Which lines run from the line with "Hi-Vis Soft Safety" through the line with "Top Brand Luxury" in the entries below? Print them exactly, both ends included, and nothing more.

[[ DATA FOR THE TASK, beginning ]]

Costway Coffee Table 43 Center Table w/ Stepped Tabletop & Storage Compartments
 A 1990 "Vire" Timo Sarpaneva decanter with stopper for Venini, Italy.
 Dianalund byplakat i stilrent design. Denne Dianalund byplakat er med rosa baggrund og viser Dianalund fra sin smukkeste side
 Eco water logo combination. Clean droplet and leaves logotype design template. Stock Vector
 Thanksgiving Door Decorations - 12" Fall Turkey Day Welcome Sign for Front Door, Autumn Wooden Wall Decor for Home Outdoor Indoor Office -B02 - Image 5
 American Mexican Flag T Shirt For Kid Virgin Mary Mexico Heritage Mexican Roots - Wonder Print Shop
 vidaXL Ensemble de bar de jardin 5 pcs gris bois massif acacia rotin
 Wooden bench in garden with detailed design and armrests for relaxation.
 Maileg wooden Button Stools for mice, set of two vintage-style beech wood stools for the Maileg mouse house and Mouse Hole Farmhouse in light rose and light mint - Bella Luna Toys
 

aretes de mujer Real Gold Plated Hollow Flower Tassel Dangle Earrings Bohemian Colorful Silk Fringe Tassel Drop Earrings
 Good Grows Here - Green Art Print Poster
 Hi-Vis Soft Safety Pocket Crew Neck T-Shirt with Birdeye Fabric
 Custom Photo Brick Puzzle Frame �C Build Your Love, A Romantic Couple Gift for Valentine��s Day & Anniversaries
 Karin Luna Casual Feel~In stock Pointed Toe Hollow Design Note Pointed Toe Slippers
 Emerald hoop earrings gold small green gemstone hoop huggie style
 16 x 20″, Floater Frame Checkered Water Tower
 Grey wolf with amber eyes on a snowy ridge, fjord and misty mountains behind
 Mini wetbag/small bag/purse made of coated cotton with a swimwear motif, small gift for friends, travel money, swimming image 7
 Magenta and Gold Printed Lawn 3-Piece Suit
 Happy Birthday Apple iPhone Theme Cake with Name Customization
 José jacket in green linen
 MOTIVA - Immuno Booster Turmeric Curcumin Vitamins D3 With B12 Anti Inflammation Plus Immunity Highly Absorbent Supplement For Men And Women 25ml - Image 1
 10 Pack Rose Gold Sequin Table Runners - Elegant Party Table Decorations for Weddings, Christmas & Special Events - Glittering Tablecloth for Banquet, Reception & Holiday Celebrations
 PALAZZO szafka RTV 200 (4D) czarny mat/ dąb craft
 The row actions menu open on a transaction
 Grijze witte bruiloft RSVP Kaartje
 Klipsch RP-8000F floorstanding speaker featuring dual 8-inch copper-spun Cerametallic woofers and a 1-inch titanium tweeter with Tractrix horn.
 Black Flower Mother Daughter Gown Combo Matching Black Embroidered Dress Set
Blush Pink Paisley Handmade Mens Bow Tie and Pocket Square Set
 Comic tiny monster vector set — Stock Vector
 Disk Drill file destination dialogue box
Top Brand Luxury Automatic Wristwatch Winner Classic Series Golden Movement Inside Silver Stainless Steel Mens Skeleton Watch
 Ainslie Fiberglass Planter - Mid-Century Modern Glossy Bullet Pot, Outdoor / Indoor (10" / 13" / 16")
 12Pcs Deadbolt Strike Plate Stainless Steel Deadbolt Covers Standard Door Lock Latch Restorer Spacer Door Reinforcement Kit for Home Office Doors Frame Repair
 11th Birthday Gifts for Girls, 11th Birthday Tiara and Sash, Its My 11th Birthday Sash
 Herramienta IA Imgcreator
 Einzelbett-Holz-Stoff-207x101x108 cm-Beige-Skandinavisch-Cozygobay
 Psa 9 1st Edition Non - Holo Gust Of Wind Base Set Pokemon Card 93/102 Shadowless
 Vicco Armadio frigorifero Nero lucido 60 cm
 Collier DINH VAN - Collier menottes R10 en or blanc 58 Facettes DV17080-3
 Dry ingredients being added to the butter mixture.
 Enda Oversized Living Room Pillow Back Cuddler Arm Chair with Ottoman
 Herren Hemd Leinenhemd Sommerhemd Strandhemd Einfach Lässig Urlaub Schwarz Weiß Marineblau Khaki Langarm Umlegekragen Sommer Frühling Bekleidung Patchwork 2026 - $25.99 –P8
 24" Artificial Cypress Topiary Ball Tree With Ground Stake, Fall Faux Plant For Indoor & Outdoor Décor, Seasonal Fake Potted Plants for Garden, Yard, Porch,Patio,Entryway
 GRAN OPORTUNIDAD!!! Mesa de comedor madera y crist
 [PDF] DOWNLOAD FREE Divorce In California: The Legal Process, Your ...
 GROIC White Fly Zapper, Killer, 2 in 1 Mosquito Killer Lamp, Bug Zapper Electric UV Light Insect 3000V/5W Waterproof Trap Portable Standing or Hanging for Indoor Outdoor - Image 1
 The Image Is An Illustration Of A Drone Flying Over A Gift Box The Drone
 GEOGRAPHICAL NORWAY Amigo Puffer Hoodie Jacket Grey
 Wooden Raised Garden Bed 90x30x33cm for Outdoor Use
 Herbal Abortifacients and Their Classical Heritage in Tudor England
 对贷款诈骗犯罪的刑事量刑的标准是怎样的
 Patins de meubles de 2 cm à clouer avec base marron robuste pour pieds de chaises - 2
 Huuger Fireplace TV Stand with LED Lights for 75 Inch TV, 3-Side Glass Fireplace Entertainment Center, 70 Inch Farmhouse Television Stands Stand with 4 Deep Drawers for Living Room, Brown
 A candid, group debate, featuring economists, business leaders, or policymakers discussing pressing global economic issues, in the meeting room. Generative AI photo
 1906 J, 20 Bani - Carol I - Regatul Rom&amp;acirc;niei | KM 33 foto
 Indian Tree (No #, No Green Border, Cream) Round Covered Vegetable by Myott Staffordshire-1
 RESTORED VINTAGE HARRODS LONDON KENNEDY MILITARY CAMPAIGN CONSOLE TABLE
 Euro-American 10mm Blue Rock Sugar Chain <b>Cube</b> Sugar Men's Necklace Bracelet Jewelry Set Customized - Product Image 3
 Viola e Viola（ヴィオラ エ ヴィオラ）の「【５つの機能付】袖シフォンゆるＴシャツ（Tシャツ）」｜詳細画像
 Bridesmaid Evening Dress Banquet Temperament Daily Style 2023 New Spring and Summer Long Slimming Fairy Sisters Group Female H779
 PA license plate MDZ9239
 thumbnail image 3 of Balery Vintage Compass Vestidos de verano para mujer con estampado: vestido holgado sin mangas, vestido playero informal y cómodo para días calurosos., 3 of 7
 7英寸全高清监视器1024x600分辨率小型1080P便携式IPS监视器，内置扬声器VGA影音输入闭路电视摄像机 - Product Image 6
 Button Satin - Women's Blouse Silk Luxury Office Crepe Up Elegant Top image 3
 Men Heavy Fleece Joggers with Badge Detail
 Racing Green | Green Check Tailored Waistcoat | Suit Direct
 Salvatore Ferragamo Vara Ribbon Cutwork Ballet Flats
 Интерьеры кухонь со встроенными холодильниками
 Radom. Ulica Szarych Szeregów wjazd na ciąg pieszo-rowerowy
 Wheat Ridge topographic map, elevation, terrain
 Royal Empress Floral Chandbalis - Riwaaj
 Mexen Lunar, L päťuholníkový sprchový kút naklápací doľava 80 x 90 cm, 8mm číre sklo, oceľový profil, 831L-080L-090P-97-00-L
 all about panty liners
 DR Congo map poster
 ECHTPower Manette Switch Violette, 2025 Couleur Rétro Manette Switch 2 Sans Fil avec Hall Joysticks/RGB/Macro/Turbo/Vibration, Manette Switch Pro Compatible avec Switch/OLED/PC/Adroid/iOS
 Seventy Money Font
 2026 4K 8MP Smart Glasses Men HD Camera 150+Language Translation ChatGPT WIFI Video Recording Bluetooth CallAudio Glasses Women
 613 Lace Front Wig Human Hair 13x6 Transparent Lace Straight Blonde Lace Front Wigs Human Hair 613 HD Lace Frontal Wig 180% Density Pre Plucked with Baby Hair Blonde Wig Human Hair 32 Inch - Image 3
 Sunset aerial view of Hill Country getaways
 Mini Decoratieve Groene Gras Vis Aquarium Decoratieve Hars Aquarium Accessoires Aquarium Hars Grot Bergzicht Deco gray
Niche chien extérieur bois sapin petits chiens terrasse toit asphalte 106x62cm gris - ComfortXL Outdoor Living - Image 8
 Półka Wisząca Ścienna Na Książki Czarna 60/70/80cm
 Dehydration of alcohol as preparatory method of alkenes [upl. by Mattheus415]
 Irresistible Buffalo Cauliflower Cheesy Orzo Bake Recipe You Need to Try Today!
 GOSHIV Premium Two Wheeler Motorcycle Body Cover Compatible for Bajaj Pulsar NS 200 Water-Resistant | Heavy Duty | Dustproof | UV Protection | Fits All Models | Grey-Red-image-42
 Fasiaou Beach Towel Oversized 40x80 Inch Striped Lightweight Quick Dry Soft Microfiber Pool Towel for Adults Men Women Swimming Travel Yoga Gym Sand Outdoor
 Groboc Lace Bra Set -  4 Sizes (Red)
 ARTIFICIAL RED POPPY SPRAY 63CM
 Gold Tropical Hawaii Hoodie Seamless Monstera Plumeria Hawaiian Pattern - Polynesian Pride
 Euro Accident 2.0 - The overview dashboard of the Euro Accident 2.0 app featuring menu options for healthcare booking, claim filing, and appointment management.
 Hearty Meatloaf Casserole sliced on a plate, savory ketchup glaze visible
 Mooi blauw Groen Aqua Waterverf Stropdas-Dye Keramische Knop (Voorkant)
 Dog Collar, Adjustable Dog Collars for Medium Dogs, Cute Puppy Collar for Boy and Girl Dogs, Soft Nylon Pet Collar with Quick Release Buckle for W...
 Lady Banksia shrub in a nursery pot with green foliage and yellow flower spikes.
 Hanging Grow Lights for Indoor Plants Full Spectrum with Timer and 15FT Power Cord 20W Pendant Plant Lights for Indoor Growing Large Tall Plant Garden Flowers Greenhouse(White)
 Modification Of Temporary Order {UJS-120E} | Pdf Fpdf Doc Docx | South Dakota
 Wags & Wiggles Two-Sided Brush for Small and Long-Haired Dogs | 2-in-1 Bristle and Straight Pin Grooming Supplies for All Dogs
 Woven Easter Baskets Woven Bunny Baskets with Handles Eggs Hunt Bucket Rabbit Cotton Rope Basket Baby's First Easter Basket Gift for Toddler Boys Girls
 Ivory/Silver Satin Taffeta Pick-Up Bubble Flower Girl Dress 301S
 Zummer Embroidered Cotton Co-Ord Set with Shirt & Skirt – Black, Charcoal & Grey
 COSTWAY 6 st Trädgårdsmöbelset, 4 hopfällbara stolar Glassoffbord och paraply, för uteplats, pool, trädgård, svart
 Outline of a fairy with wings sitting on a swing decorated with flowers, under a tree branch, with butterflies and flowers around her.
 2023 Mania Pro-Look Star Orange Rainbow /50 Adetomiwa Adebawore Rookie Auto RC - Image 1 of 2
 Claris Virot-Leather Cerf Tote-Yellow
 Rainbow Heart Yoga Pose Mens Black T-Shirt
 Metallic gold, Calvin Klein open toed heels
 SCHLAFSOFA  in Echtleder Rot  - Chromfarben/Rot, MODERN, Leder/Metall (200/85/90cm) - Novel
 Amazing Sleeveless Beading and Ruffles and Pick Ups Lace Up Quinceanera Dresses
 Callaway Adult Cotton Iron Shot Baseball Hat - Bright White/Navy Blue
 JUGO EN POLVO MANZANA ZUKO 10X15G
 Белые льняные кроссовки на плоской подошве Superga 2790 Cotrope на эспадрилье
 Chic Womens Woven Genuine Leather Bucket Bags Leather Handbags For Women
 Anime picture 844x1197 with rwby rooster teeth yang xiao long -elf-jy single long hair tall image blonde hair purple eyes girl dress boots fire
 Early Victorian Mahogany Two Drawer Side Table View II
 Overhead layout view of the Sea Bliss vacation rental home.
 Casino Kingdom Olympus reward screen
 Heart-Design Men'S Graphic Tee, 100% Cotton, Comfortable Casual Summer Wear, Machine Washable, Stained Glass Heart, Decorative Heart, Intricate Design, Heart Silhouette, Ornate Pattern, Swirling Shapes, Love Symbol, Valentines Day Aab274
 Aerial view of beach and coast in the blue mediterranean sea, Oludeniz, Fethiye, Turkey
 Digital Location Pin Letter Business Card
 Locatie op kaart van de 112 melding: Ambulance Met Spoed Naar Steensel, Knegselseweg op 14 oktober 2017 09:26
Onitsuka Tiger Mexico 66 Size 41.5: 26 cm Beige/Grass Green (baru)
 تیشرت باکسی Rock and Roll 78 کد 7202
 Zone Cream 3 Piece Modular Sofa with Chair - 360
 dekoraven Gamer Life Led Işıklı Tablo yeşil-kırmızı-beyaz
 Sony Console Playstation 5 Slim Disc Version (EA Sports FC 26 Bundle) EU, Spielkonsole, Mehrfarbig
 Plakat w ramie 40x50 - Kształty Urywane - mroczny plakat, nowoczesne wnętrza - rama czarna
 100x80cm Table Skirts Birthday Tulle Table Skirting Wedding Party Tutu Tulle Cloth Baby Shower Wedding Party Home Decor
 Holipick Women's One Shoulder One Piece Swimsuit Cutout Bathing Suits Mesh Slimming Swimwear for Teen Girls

[[ DATA FOR THE TASK, end ]]

# [RESPONSE TO THIS TASK]
 Hi-Vis Soft Safety Pocket Crew Neck T-Shirt with Birdeye Fabric
 Custom Photo Brick Puzzle Frame �C Build Your Love, A Romantic Couple Gift for Valentine��s Day & Anniversaries
 Karin Luna Casual Feel~In stock Pointed Toe Hollow Design Note Pointed Toe Slippers
 Emerald hoop earrings gold small green gemstone hoop huggie style
 16 x 20″, Floater Frame Checkered Water Tower
 Grey wolf with amber eyes on a snowy ridge, fjord and misty mountains behind
 Mini wetbag/small bag/purse made of coated cotton with a swimwear motif, small gift for friends, travel money, swimming image 7
 Magenta and Gold Printed Lawn 3-Piece Suit
 Happy Birthday Apple iPhone Theme Cake with Name Customization
 José jacket in green linen
 MOTIVA - Immuno Booster Turmeric Curcumin Vitamins D3 With B12 Anti Inflammation Plus Immunity Highly Absorbent Supplement For Men And Women 25ml - Image 1
 10 Pack Rose Gold Sequin Table Runners - Elegant Party Table Decorations for Weddings, Christmas & Special Events - Glittering Tablecloth for Banquet, Reception & Holiday Celebrations
 PALAZZO szafka RTV 200 (4D) czarny mat/ dąb craft
 The row actions menu open on a transaction
 Grijze witte bruiloft RSVP Kaartje
 Klipsch RP-8000F floorstanding speaker featuring dual 8-inch copper-spun Cerametallic woofers and a 1-inch titanium tweeter with Tractrix horn.
 Black Flower Mother Daughter Gown Combo Matching Black Embroidered Dress Set
Blush Pink Paisley Handmade Mens Bow Tie and Pocket Square Set
 Comic tiny monster vector set — Stock Vector
 Disk Drill file destination dialogue box
Top Brand Luxury Automatic Wristwatch Winner Classic Series Golden Movement Inside Silver Stainless Steel Mens Skeleton Watch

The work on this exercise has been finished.